C’est bien beau d’avoir des bourrins, il faut pouvoir les exploiter, mon bon Monsieur. Oui, pas de soucis dans le cas de la Monster 1200S. D’abord, les suspensions öhlins fournissent un travail exemplaire pour garder la moto plaquée au sol. Seul, un amortisseur de direction serait le bienvenu pour museler les rares tentatives de la roue avant de décider de par elle-même de son chemin. L’amortisseur arrière du faiseur suédois remplit son office avec la bienveillance qu’on lui connait. Les plages de réglages offertes par cet ensemble de suspensions hautes performances imposent d’appliquer des modifications en toute connaissance de cause. Notez les réglages de départ, tant de possibilités s’offrent à vous et il ne sera pas difficile de se fourvoyer entre cette foison de clics.

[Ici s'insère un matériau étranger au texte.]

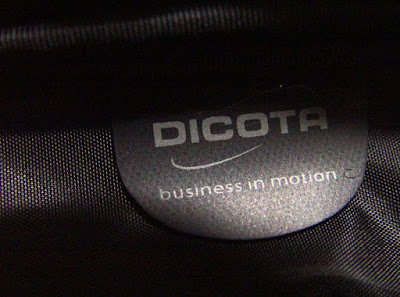 [Bag]《靚影特務》PC中文版+Dicota特務包入手分享！ - 阿祥的網路筆記本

Encore mieux, les différentes aides électroniques embarquées ici d’office et non pas en option, se révèlent parfaitement ajustées à l’usage possible du Monster : DWC,DQS, centrale IMU,ABS, DTC,ENG…Toutes ces aides sont présentes dans le différents choix de menu mais peuvent encore s’affiner une par une en détail pour obtenir une Monster 1200S réglée selon le moindre de vos souhaits. Soirée lecture en vue pour celui qui voudra tenter cette opération mais le gain qui en découlera en vaut la chandelle.

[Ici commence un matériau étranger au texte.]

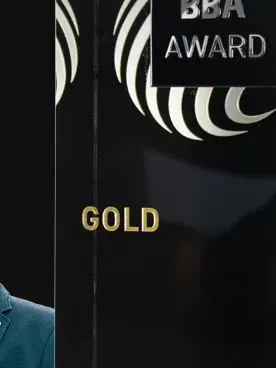 Best Business Award 2021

Décortiquons brièvement ces différentes aides et leur dénomination parfois inconnues au commun des motards.
DWC : Ducati Wheeling Control : empêche totalement le wheeling ou le tolère légèrement en fonction du niveau choisi.
DQS : Ducati Quick Shifter : permet le changement de rapports sans toucher à l’embrayage en montant comme en descendant les vitesses. Ne fonctionne parfaitement qu’avec le moteur au-dessus de 5000T/Min sinon des à-coups dans la conduite se font ressentir.C’est assez désagréable et en ville, il vaut mieux recourir à l’excellent embrayage et à son levier Brembo Radial.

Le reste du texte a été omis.